A estos factores claves para impulsar la gran reforma del Estado, se suma uno que es fundamental analizar, y es la resistencia del poder a tal cambio. Y aquí me refiero a Lima, no como la ciudad donde han convergido “todas las sangres” de las que hablaba José María Arguedas, sino a sus elites, detentoras del poder económico y simbólico, y en menor medida del poder político. ¿Qué razón de peso tenían para ceder dicho poder? Es cierto que la caída del fujimorismo a fines del año 2000 había significado una derrota política para este sector, pero no de la magnitud que significará una transformación significativa. Es bueno recordar que los privilegios tributarios y las facilidades para la gran inversión no fueron tocados por la transición liderada por Valentín Paniagua, y mucho menos por el gobierno de Alejandro Toledo. Así, la reforma descentralista nos recuerda a la famosa frase de la novela “El gatopardo” en la que uno de los personajes dice “si queremos que todo siga como está, es necesario que todo cambie”, en otras palabras para conservar el poder lo que hay que generar es un cambio aparente, y todo seguirá igual. Así pues, la trampa de la reforma, que muchos entusiastamente apoyamos, nos hizo creer que el poder comenzaba a ser traspasado a las regiones. Y al final, lo que llegó fue algo de recursos, y nuevos cargos que elegir y que repartir, Migajas que el poder central podía darse el lujo de entregar. Ya que mientras el poder de la distribución de los recursos del Estado siga en manos del MEF y el poder político siga concentrado en el Gobierno Nacional (y ahora en el Congreso) poco o nada pueden hacer las regiones.
“(…) la reforma descentralista nos recuerda a la famosa frase de la novela “El gatopardo” (…) ‘si queremos que todo siga como está, es necesario que todo cambie’, en otras palabras, para conservar el poder lo que hay que generar es un cambio aparente, y todo seguirá igual”.

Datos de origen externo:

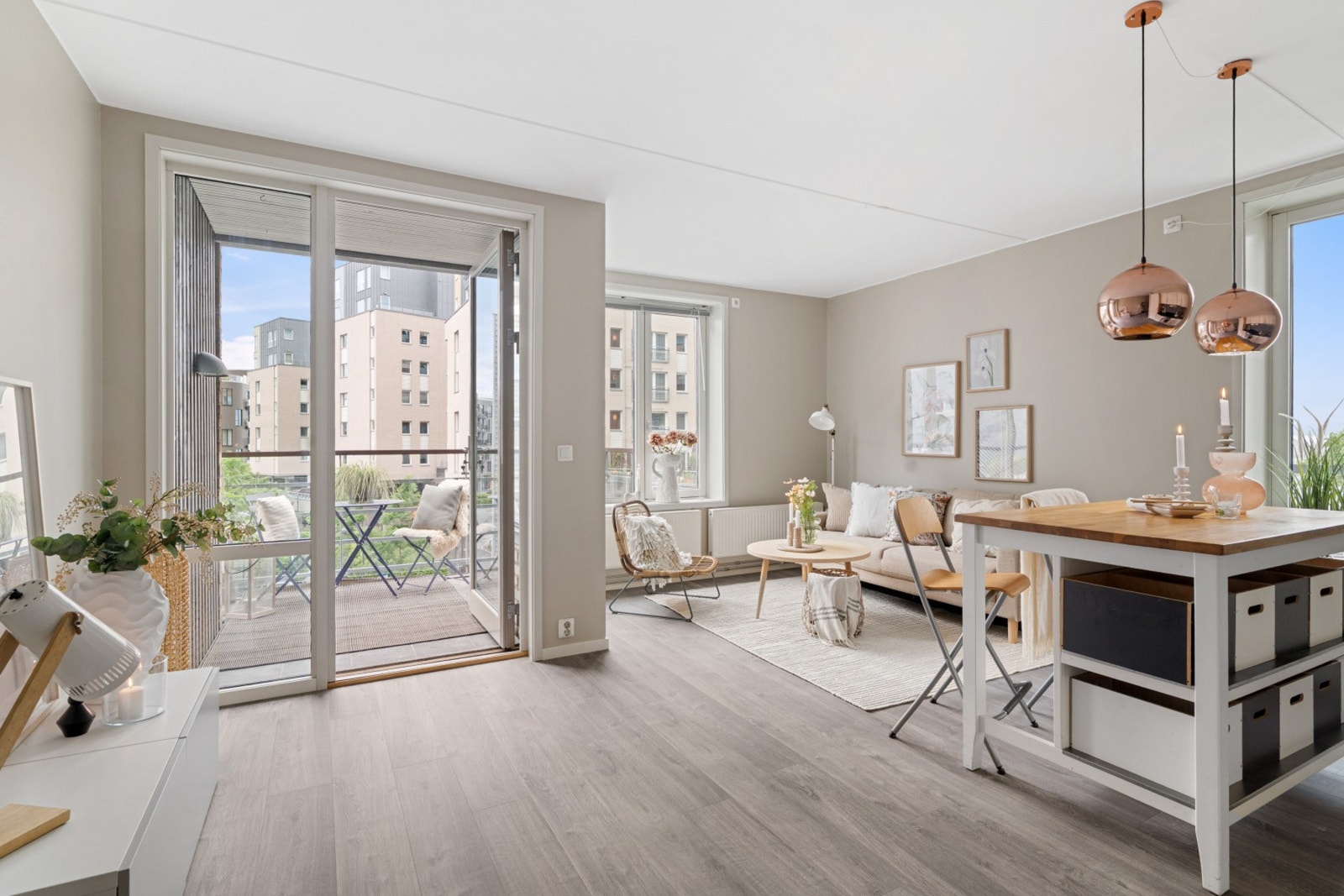 EiendomsMegler 1 ved Markus Tangvik har gleden av å presentere en stilren 2-roms leilighet i Dyre Halses gate 8 på Solsiden. Foto: Krokstad & Nervik Boligfotografer, (Jens Martin Nervik) Galleribilde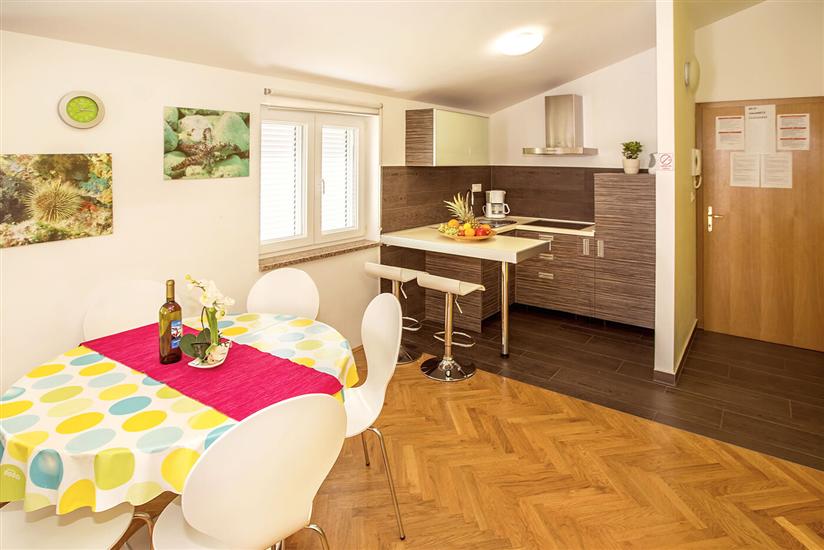 Apartman A5, za 6 osoba/e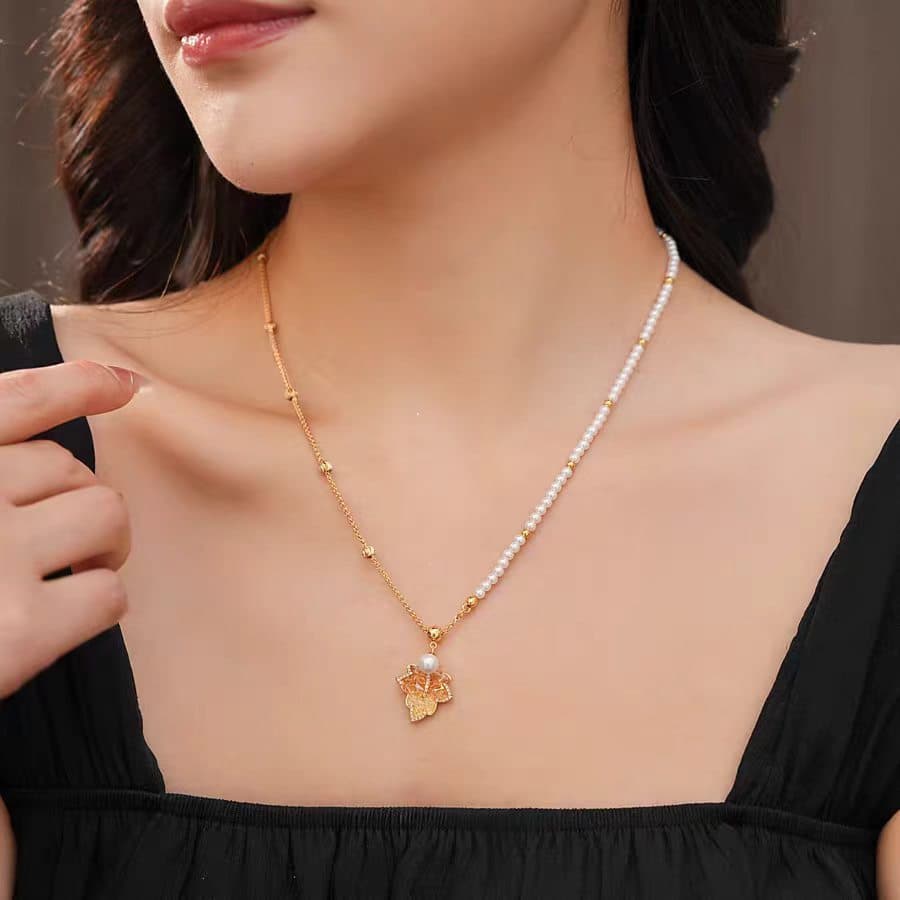 Colar com pingente de pérola de folha de bordo dourado retrô cor gradiente corrente assimétrica luz corrente de clavícul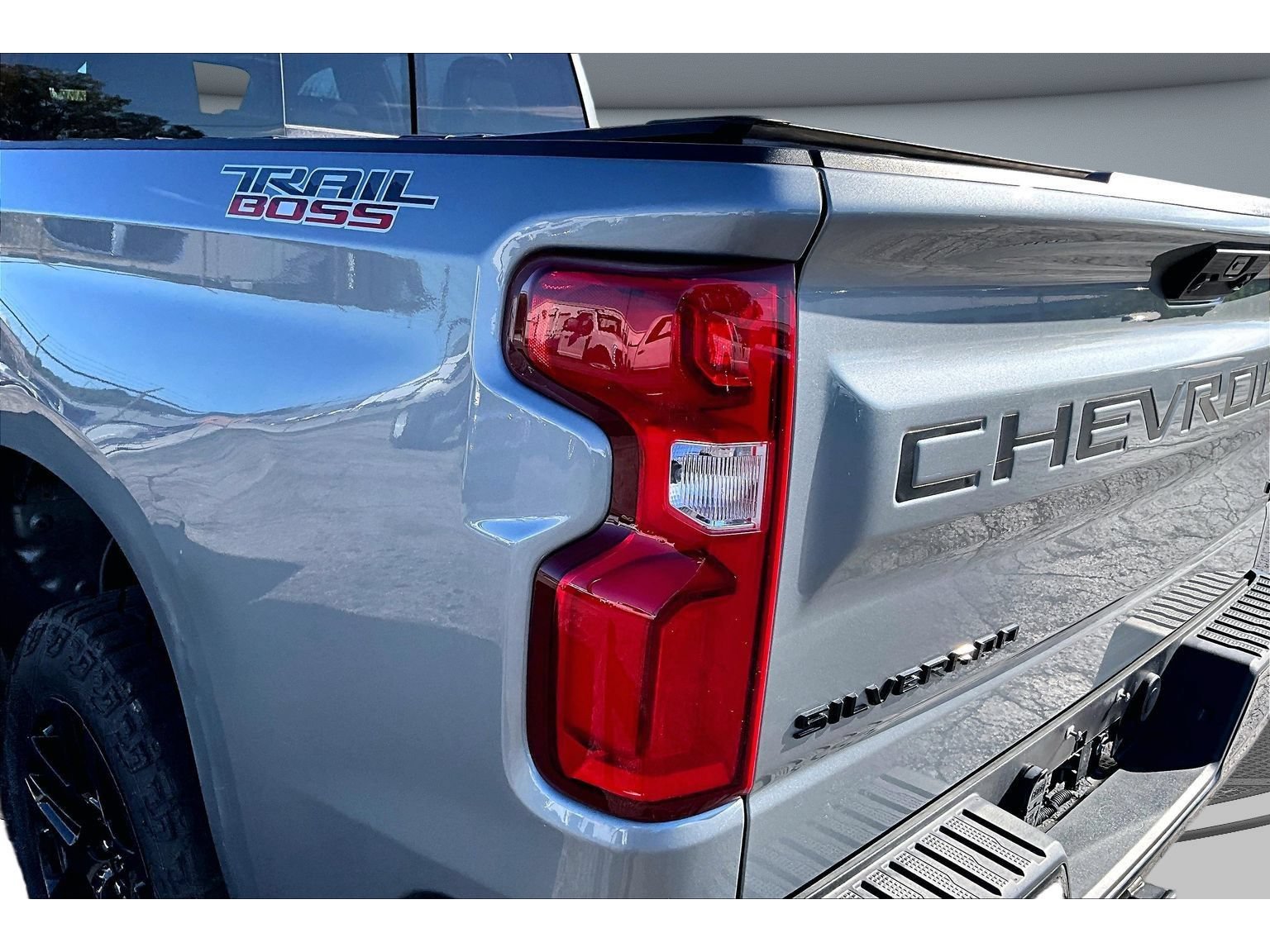Used 2025 Chevrolet Silverado 1500 LT Trail Boss w/ Convenience Package II AWD/4WD image 36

¿Pudo ser diferente la historia? Es fácil juzgar una vez ocurridos los hechos, pero en mi opinión, el gran problema en las regiones fue la ausencia de proyectos políticos de verdadero alcance regional. La mayoría de gobernadores (antes presidentes regionales) se contentaron con ofrecer obra pública, repitiendo el modelo que durante toda la década del noventa había popularizado Alberto Fujimori, y que la sabiduría popular resumió en la frase: “No importa que robe pero que haga obra”, y así fuimos testigos de la competencia entre gobernadores y alcaldes despilfarrando recursos en obras innecesarias o mal hechas. A eso se añadió la perversa cultura política predominante en nuestro país del amiguismo, el compadrazgo y el nepotismo, en el que el Estado se entendía como “la chacra” de la autoridad y a la vez un botín que ha ido pasando de mano en mano. Y eso antes que disminuir ha ido creciendo en cada nuevo período.

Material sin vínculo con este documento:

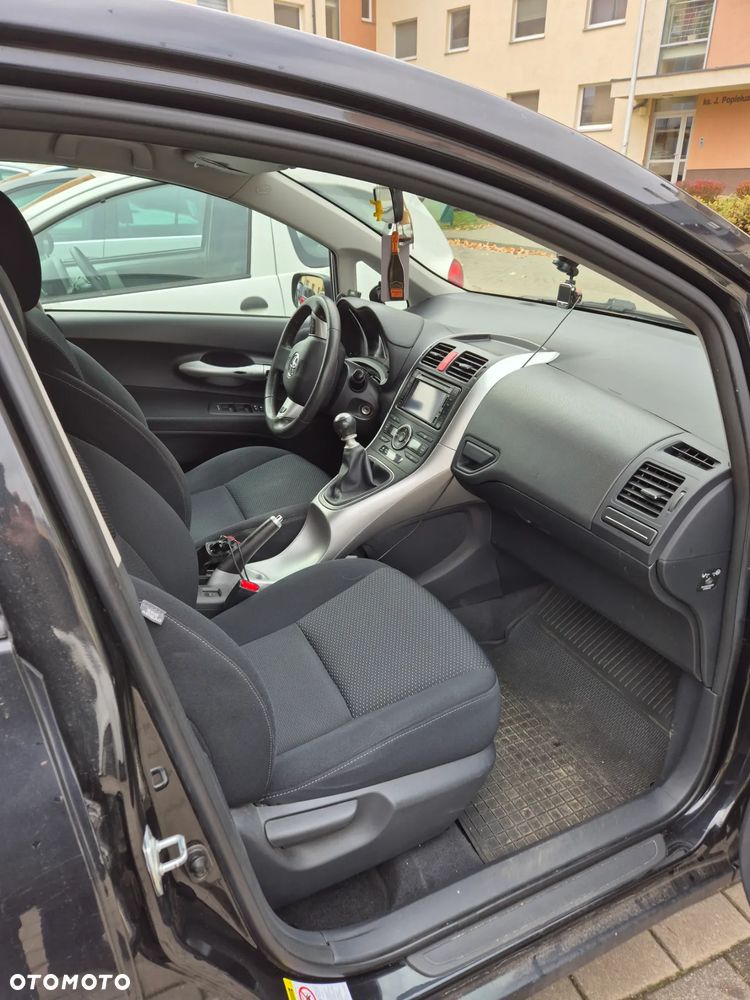 Toyota Auris 1.6 Active - 10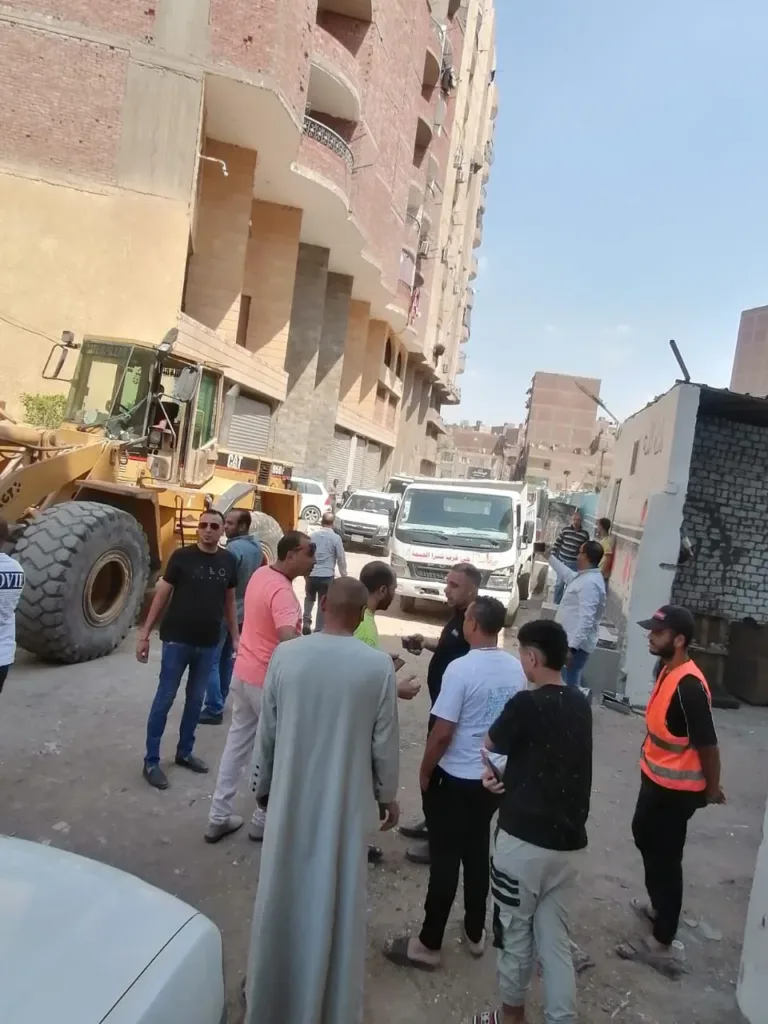 في استجابة سريعة من محافظ القليوبية.. حملة مكبرة لرفع الإشغالات بشارع 135 بحي غرب شبرا الخيمة - صور في استجابة سريعة من محافظ القليوبية.. حملة مكبرة لرفع الإشغالات بشارع 135 بحي غرب شبرا الخيمة - صور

“La perversa cultura política predominante en nuestro país del amiguismo, el compadrazgo y el nepotismo, en el que el Estado se entendía como “la chacra” de la autoridad”.

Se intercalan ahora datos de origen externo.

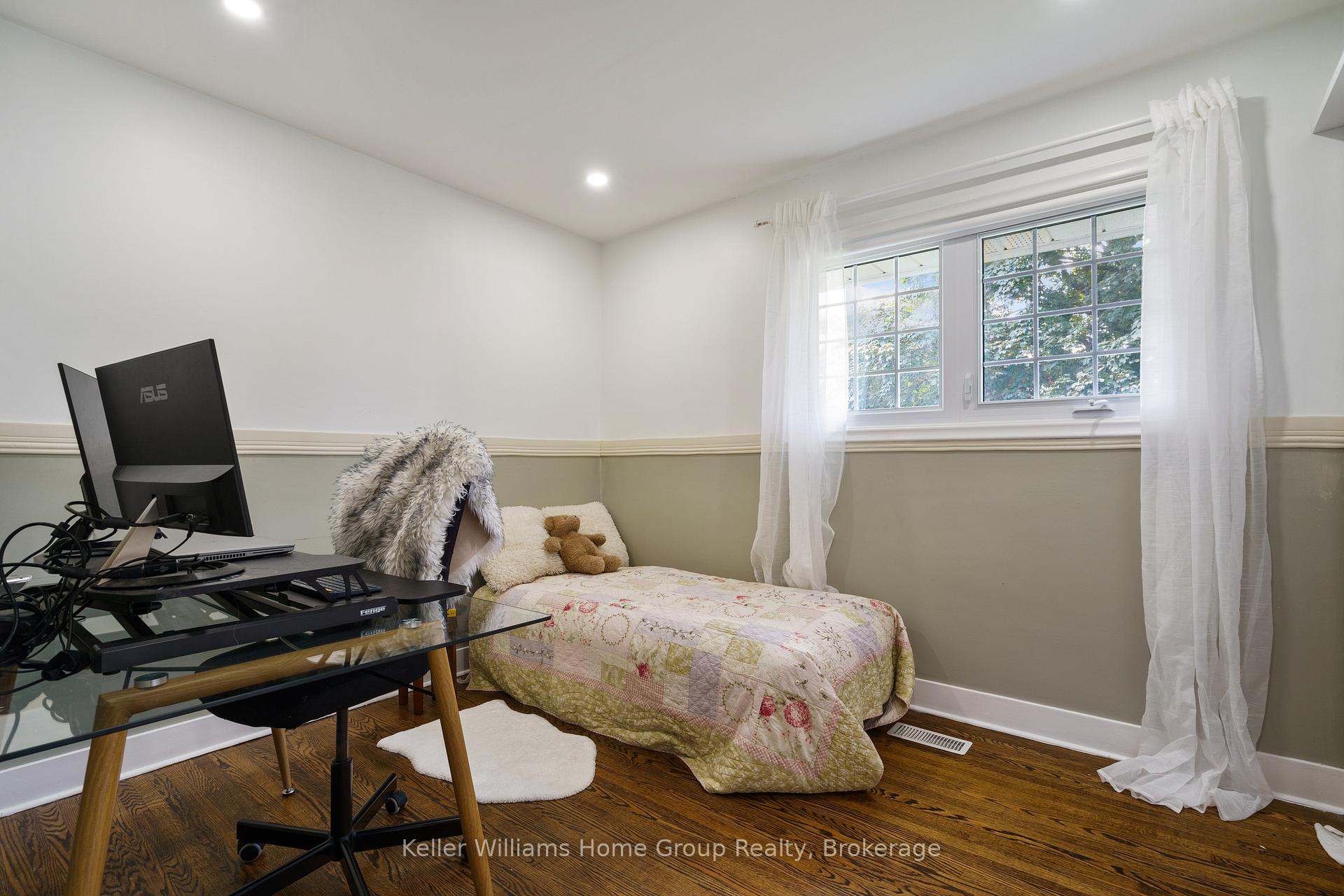 Photo 17 of 11 Kilbourne Crescent, St. Catharines, Bunting/Linwell — HOMEH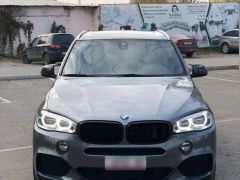 Photo of the vehicle BMW X5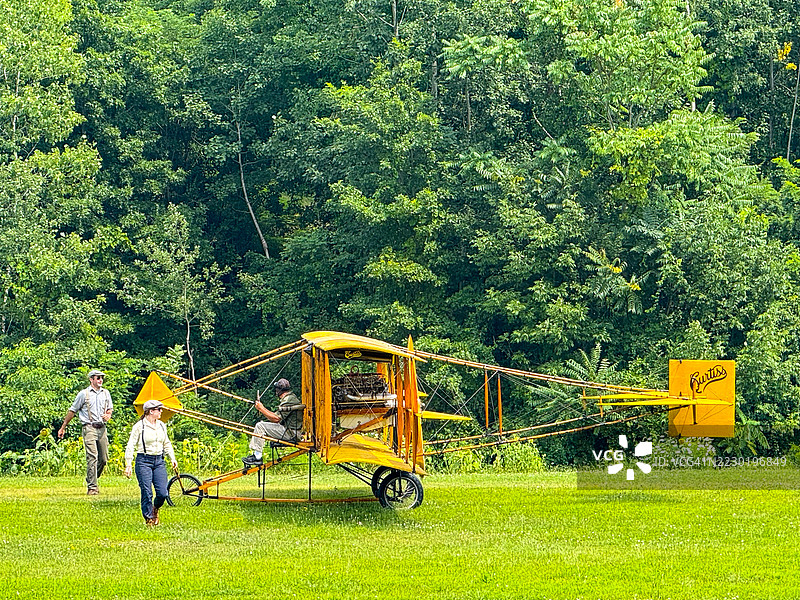 人们在老莱茵贝克航空博物馆为1911年库尔蒂斯推进者D型飞机准备起飞图片素材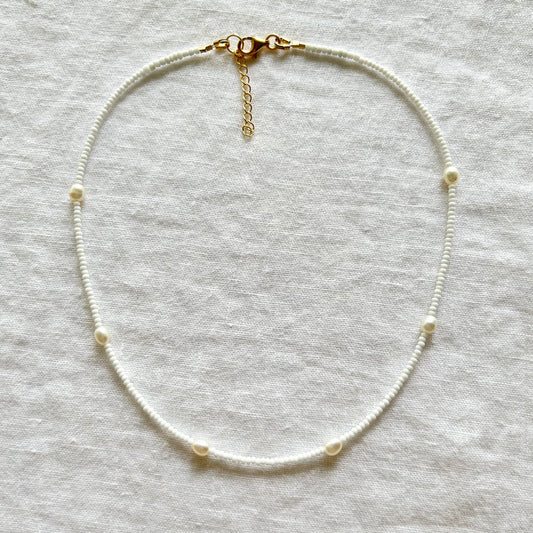 Pastel Pearl Necklace White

Si bien el balance resulta bastante pesimista, eso no significa que las cosas sigan así siempre. Pero para que la descentralización pueda ser una apuesta en la que las nuevas generaciones que ingresan a la vida política y los pueblos crean, cada región tiene que construir una agenda de desarrollo, y luego entrar en diálogo con las regiones vecinas. Comenzar a tejer desde abajo un nuevo proyecto político de transformación del Estado, recogiendo las lecciones del proceso y la realidad concreta. Es desde ahí donde debe darse la confrontación con el poder central. Ese es el reto.